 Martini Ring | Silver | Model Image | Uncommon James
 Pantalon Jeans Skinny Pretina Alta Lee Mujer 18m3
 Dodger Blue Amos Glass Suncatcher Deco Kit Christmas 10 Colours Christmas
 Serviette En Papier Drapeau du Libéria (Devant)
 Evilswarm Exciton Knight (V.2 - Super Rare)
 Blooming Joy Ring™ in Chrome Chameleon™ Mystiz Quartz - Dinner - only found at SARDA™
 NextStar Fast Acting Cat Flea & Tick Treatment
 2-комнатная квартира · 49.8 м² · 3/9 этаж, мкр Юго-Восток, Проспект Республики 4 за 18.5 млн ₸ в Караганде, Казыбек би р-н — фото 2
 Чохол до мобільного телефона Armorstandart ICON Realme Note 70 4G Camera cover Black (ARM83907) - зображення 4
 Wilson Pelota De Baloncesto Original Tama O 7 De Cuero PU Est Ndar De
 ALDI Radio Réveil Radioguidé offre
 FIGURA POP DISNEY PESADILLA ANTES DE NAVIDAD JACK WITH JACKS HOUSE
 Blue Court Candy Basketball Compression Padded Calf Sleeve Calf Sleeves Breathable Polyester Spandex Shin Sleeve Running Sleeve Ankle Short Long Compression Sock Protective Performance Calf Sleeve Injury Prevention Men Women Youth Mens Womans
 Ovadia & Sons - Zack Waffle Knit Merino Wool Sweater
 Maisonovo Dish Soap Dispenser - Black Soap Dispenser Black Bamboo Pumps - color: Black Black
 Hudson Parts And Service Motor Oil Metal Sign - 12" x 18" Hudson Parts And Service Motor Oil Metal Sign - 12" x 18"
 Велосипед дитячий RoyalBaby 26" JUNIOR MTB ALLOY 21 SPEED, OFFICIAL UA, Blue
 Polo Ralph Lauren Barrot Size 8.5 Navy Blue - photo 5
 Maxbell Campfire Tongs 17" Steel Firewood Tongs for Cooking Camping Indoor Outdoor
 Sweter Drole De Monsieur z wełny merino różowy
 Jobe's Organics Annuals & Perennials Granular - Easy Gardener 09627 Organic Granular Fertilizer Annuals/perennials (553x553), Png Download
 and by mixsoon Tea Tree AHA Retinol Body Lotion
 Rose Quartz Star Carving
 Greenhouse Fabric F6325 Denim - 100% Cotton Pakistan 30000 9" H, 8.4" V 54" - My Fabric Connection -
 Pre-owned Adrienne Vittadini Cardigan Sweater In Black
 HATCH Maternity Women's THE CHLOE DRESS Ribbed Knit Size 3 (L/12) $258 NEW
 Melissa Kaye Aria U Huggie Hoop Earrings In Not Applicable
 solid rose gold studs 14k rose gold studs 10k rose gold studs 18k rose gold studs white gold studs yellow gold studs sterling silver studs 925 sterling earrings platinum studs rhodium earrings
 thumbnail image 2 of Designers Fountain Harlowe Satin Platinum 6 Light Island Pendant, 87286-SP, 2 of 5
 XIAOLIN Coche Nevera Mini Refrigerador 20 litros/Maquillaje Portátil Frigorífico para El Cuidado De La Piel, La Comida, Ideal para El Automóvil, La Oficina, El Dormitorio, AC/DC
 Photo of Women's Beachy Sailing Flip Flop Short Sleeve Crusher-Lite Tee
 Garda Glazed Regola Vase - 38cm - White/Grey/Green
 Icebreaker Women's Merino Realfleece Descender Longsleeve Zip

▶ _EXERCISE DETAILS_: Copy every line from the records above that contains the word "Quartz".

▶ _ANSWER AREA_:
 Blooming Joy Ring™ in Chrome Chameleon™ Mystiz Quartz - Dinner - only found at SARDA™
 Rose Quartz Star Carving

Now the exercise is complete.